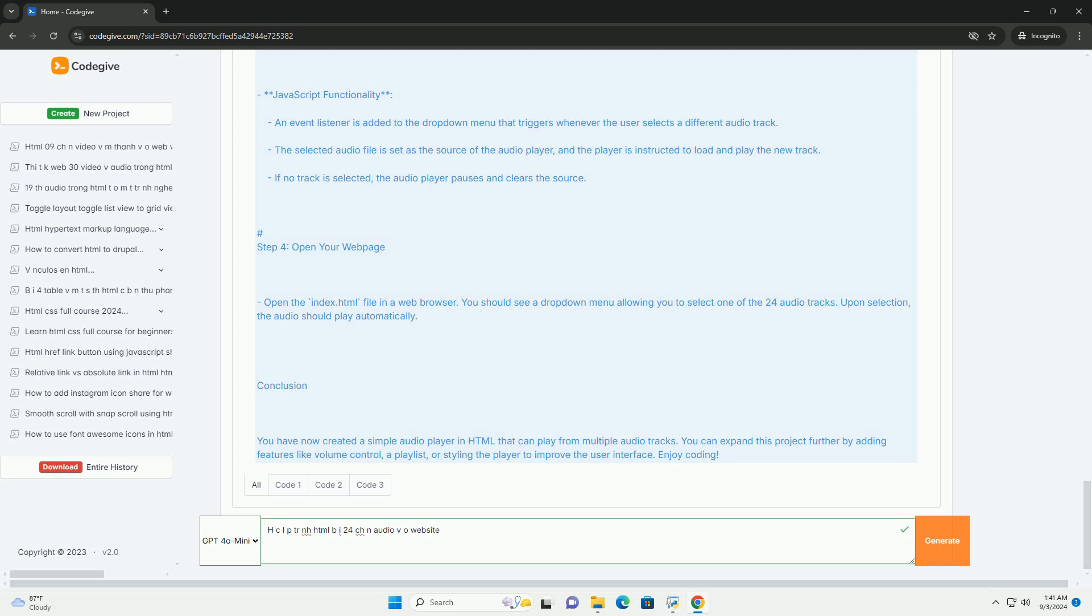By utilizing HCLP principles, developers can create engaging and interactive websites that effectively communicate information through audio and visual means, enhancing overall user engagement and satisfaction.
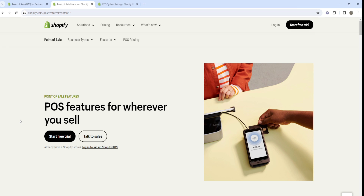Shopify POS Lite versus Shopify POS Pro. We're going to be going over the Shopify POS pricing, the features, everything you need to know so you can make an informed decision to see whether Shopify POS Lite or Shopify POS Pro is going to be right for you.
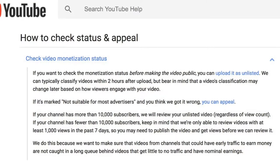Check video monetization status. If you want to check the monetization status before making the video public, you can upload it as unlisted. YouTube can typically classify videos within two hours after upload, but bear in mind that video classifications may change later based on how viewers engage with your video. If it's marked as not suitable for most advertisers and you think they got it wrong, you can appeal. Also, if your channel has more than 10,000 subscribers, YouTube will review your unlisted video regardless of view count.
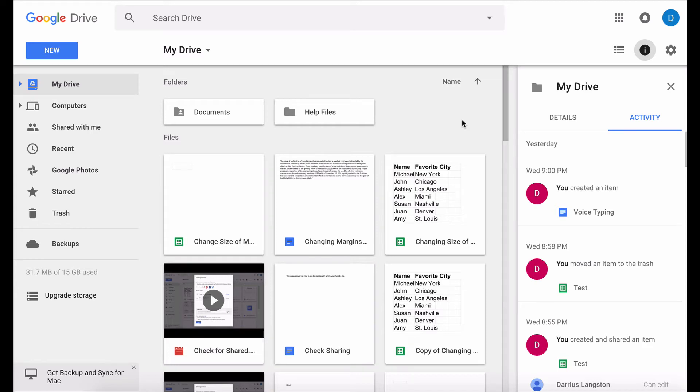This is Darius from therabbitpad.com and in this video I want to show you how you can edit your Google Drive documents offline.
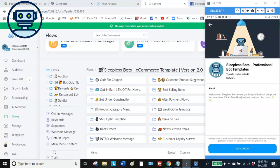Hello everybody, welcome to Sleepless Bots. This is Emmanuel Casey, also known as Brad Payne. In this video we're going to be reviewing my newest and latest e-commerce chatbot template. I uploaded an e-commerce chatbot about five months ago, got great feedback, so I went back to the drawing board to improve it and make it a lot better.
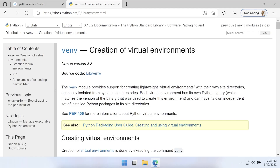Hopefully you're joining this tutorial because you're working with Python or you want to work with Python. In this tutorial I'll take you through the steps of creating a virtual environment in a Windows environment. We're using Windows 11, but this process should work with Windows 11, 10, and Windows 7.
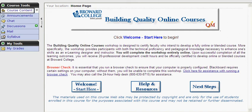Welcome to your tour of building quality online courses. First and foremost, you'll want to run a browser check to ensure that your computer is properly configured. Blackboard, Broward College's learning management system, requires a certain version of Java and the use of pop-ups. Without them, you will not be able to complete this workshop. Click here for assistance with running a browser check or call the 24-hour help desk. Please know you'll need to run a browser check on every computer you access Blackboard from.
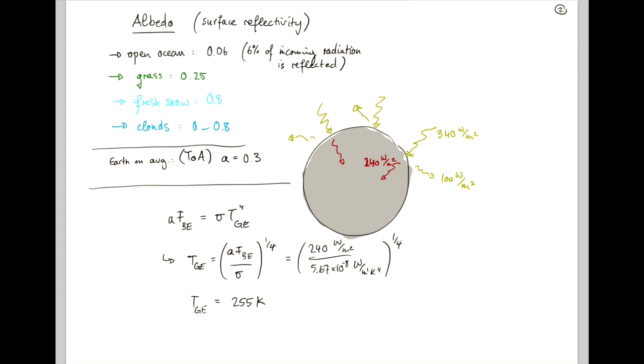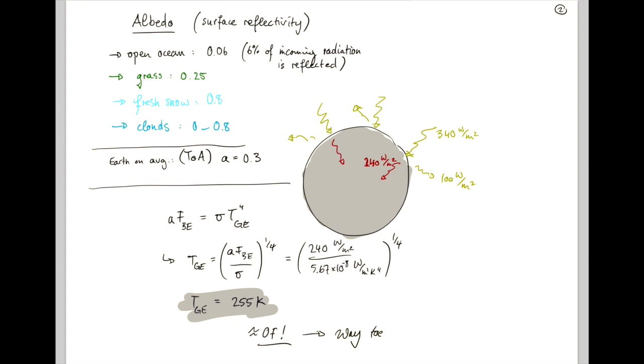Now, that is roughly 0 Fahrenheit, which is way too cold. And if I ask you, why are we not all freezing?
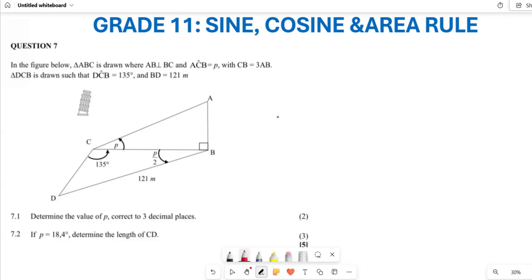Please ensure that you like, subscribe, and comment, and ensure that you go back to some of the videos that we did, where we did a brief introduction of what is the sine rule, cosine rule, and also the area rule.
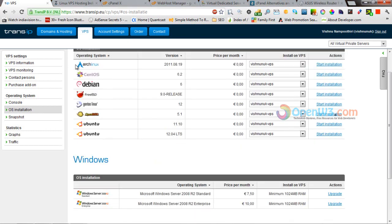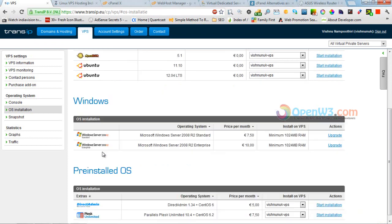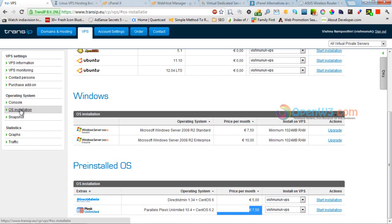This is the range of software available in TransIP — we can install any of these. If we need Windows we need to pay extra, and if we need a control panel we need to pay 7.5 euros extra. This is the VPS information and VPS monitoring section.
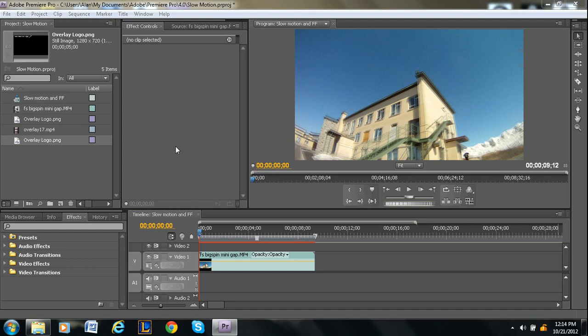Hey guys, welcome back to another video. I'm Alan from Premiere Pro Tips and today I'm going to be going over overlays.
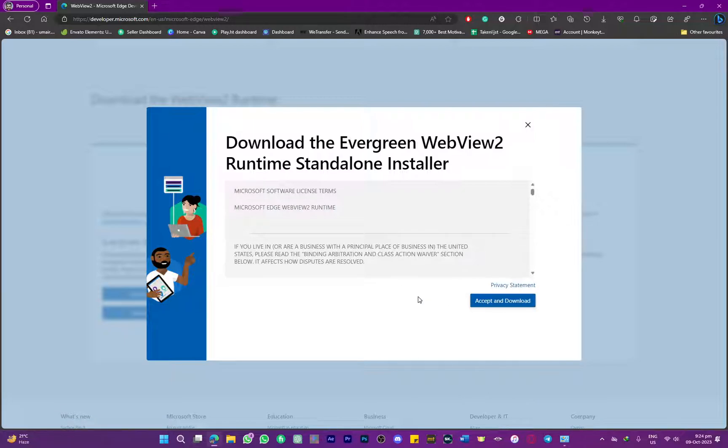Then you will simply have your WebView 2 Runtime standalone installer installed onto your PC, and that is pretty much it.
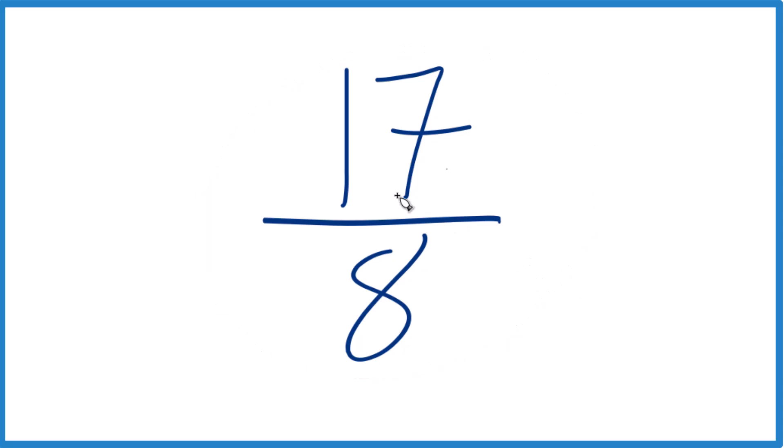So when we simplify fractions, we want to find a whole number that goes into the numerator and the denominator evenly. But with 17 eighths, there is no whole number that goes into both 17 and 8 other than 1.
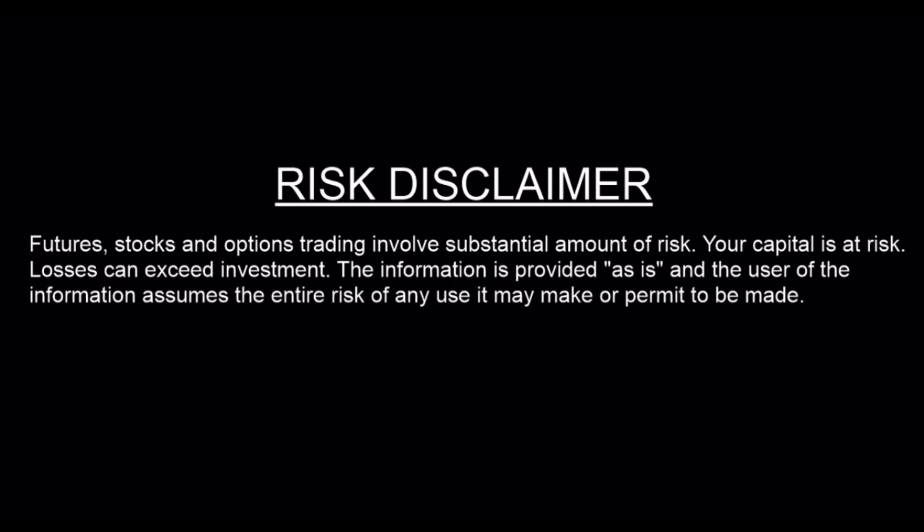Before we begin, let us have a look at the risk disclaimer. It states that futures, stocks, and options trading involve substantial amount of risk. Your capital is at risk, losses can exceed the investment. The information is provided as is and the user assumes the entire risk. So let's get started.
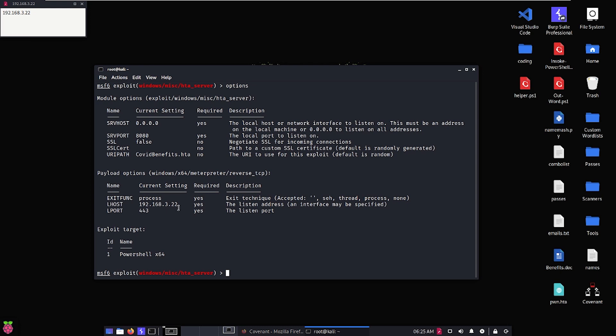We want to make sure our Lhost is the IP address of our Kali machine. We want to make sure our Lport is something that's identifiable as trustworthy with Firewall, whether it be 80, 443, 25, et cetera. Finally, I recommend changing our URI path to something that's going to be trustworthy as well. This will generate a default URI path, and if somebody looks at that, they might have some questions. But if they see something here that says COVIDbenefits.HTA, it may make more sense to them.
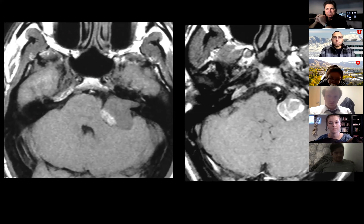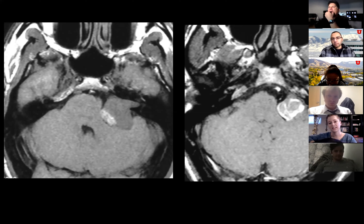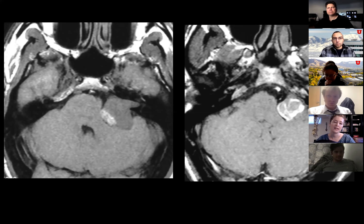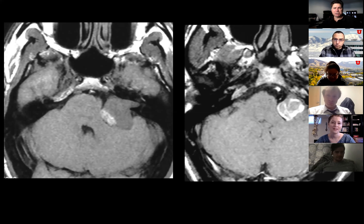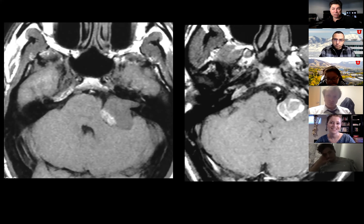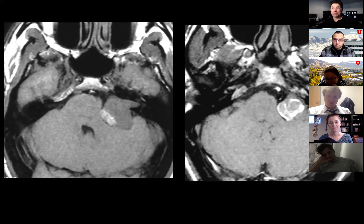What do you think about that signal intensity? Intrinsic T1 signal could be blood. Is that common with a vestibular schwannoma? No — but vestibular schwannomas are very common. This patient has sensorineural hearing loss. If a patient has sensorineural hearing loss and shows up with a lesion of the CP angle, 90% of the time it's a vestibular schwannoma — it doesn't matter what it looks like. It has big cysts, it has blood — statistically, it's most likely a vestibular schwannoma.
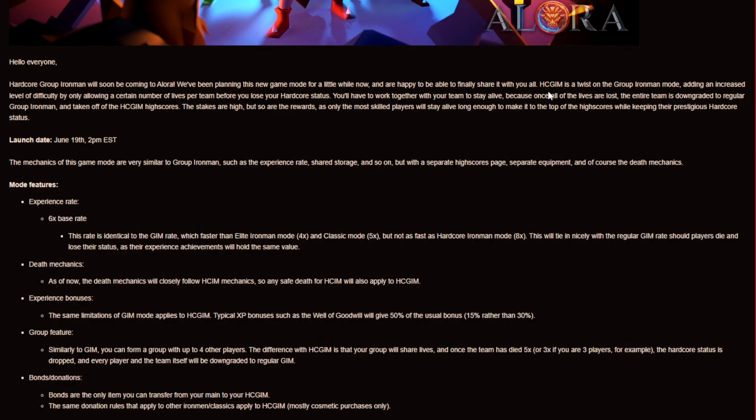And some information about the hardcore group Ironman is that it's a twist on the group Ironman mode adding an increased level of difficulty by only allowing a certain number of lives per team before you lose your hardcore status. So you guys gotta work together because once all of the lives are lost the entire team is downgraded to regular group Ironman and taken off the hardcore group Ironman high scores.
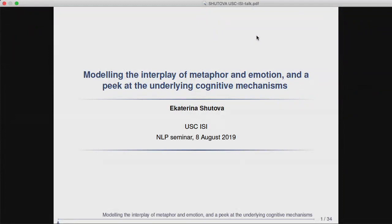Ekaterina is an assistant professor at the Institute for Logic, Language and Computation at the University of Amsterdam. Her research is in natural language processing with a specific focus on computational semantics, figurative language processing, multilingual NLP, and cognitively driven semantics. Previously she worked at the University of Cambridge Computer Laboratory, the International Computer Science Institute, and the Institute for Cognitive and Brain Sciences at UC Berkeley. She received her PhD in Computer Science from the University of Cambridge in 2011.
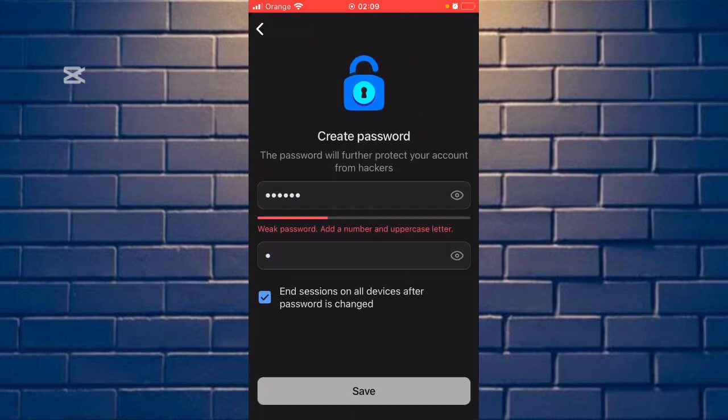Then click save and you have successfully changed your password in wiki. Thank you for watching guys.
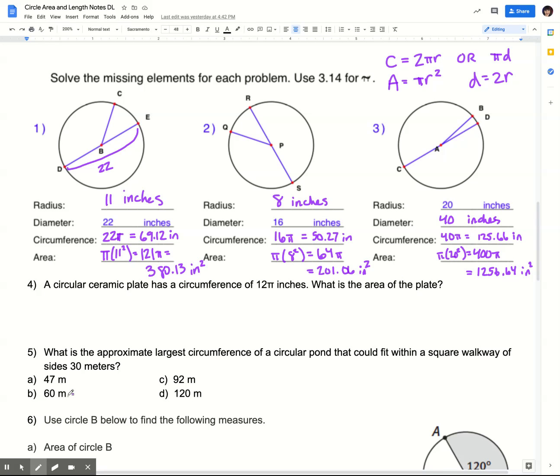Go ahead and check your answers against mine. For number two, the radius was 8 inches. The circumference in terms of π is 16π, and when you multiply that through on your calculator, you get 50.27 inches. The area is π times 8 squared, because 8 is the radius. 8 squared is 64, so 64π is the answer in terms of π. Multiplying through on the calculator gives 201.06 inches squared.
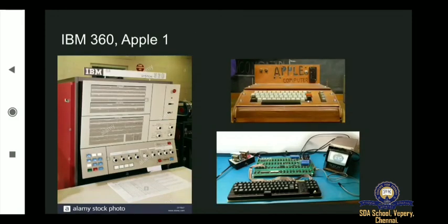I have shown pictures of third generation computers here. The bigger picture is the IBM 360, and the second picture is Apple 1. The other one shown is a smaller version of the Apple computer. Hope you all understand and it is visible. Take a look at all three — if you are using a phone, you can take a screenshot.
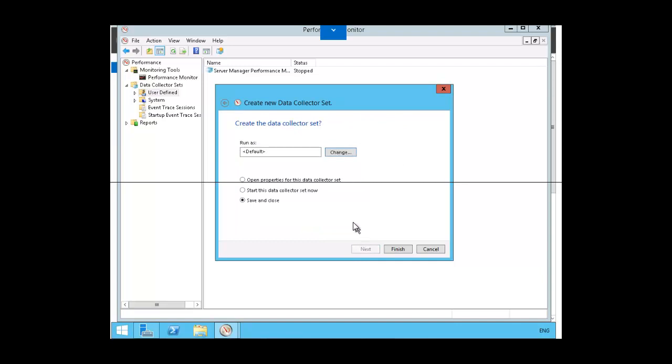We want to save and close. And notice here that we can also change the default user. It's usually run as a system user, so you might want to leave it as a system user. But we want to go ahead with save and close, and then click finish.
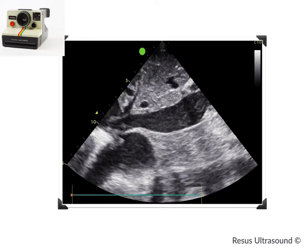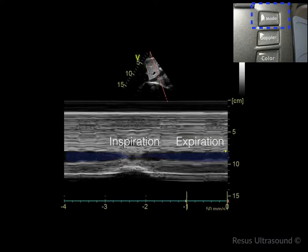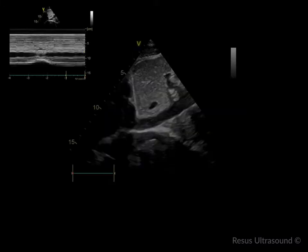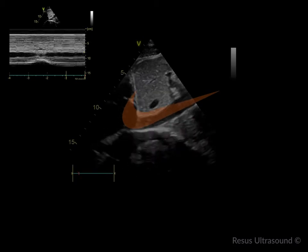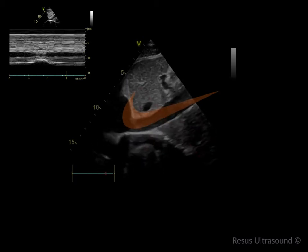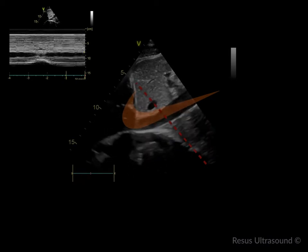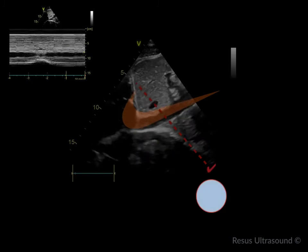To capture an image of the IVC to document whether it is large or small, use the M-mode function. When you push this button, it captures the IVC in two phases — inspiration and expiration — over time. In the image, the blue tube depicts the tube varying in diameter between inspiration and expiration. To do M-mode, imagine the IVC is a tube draining up to the RA, and place the M-mode line perpendicular to where the tube appears as a straight line.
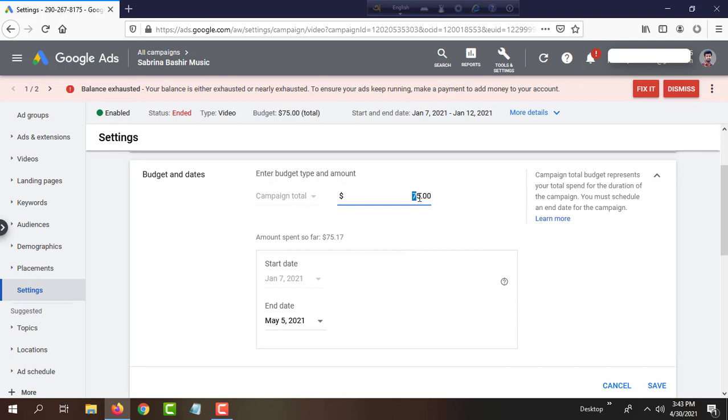I will add $25 more. So $75 plus $25 means $100 total.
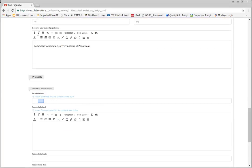Here you can track specific protocol information for your project. If the protocol name is similar to the project name, you can simply click the blue text above the bar.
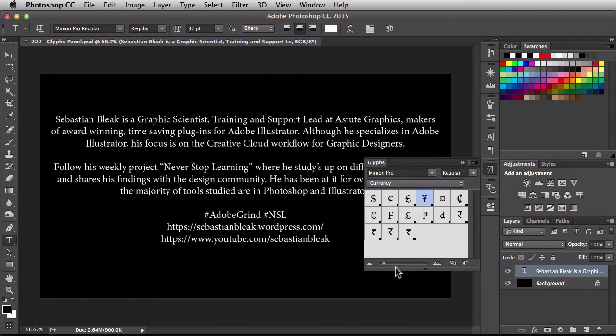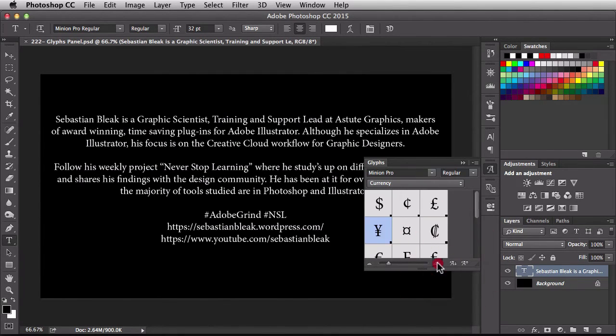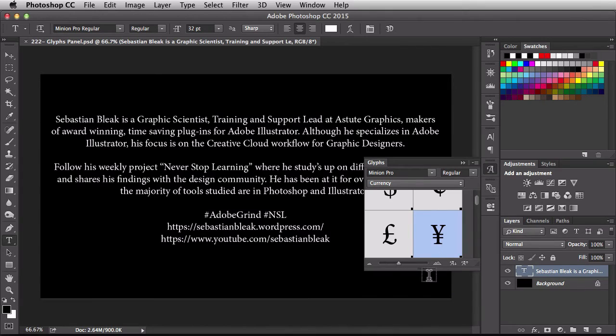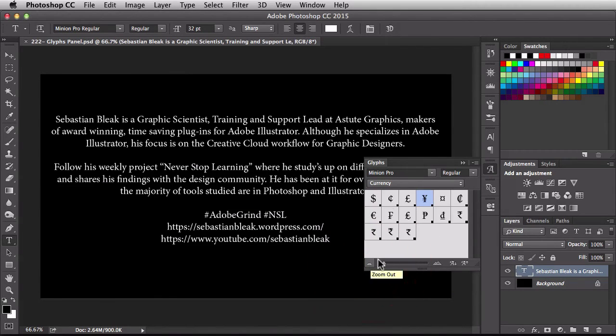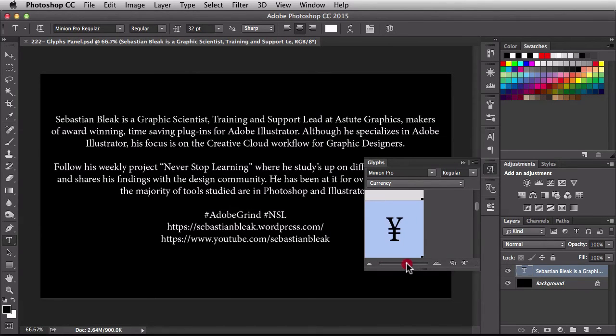Down here at the bottom you have this little mountain and this large mountain. If you click on the large mountain, it's going to zoom in on the thumbnails. If you click on the little mountain, it's going to zoom out. So it's making these chips larger or smaller. You could also use this little slider right in here.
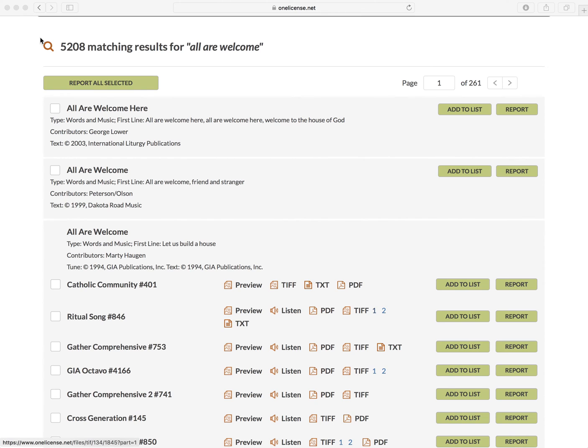Remember that many TIFF files have multiple pages. You'll need to download all of them to ensure that you have the entire song. Ultimately, whether it's a PDF, TIFF, or a GIF, choose the file format that you're most comfortable working with.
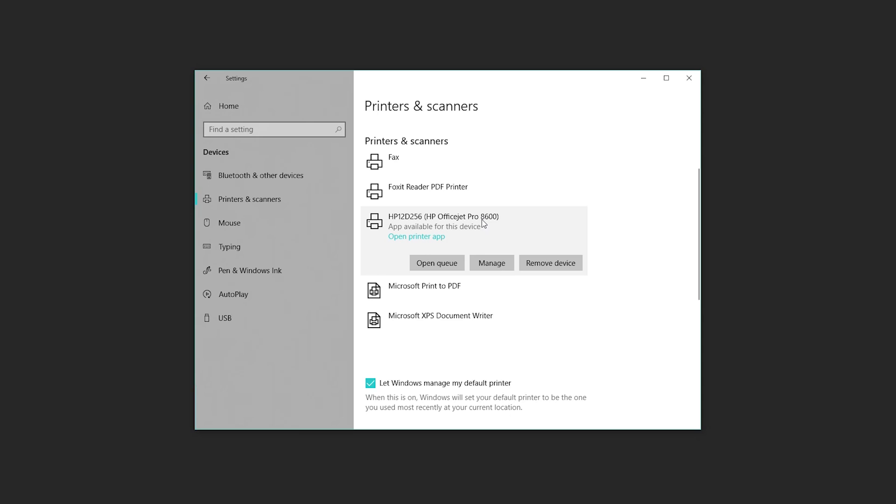I can do all the fancy things that I want, or I can click Remove Device in case I don't need it on this computer anymore. And that's basically the ins and outs of how to add stuff to your computer in Windows 10.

■ ■ ■

> _EXERCISE DESCRIPTION_
Everything above from the line containing "This is Darius" down to the line containing "Hello everybody, welcome" is to be duplicated exactly, both lines included, and the pictures are to be omitted.

> _RESPONSE BOX_
This is Darius from therabbitpad.com and in this video I want to show you how you can edit your Google Drive documents offline.
Hello everybody, welcome to Sleepless Bots. This is Emmanuel Casey, also known as Brad Payne. In this video we're going to be reviewing my newest and latest e-commerce chatbot template. I uploaded an e-commerce chatbot about five months ago, got great feedback, so I went back to the drawing board to improve it and make it a lot better.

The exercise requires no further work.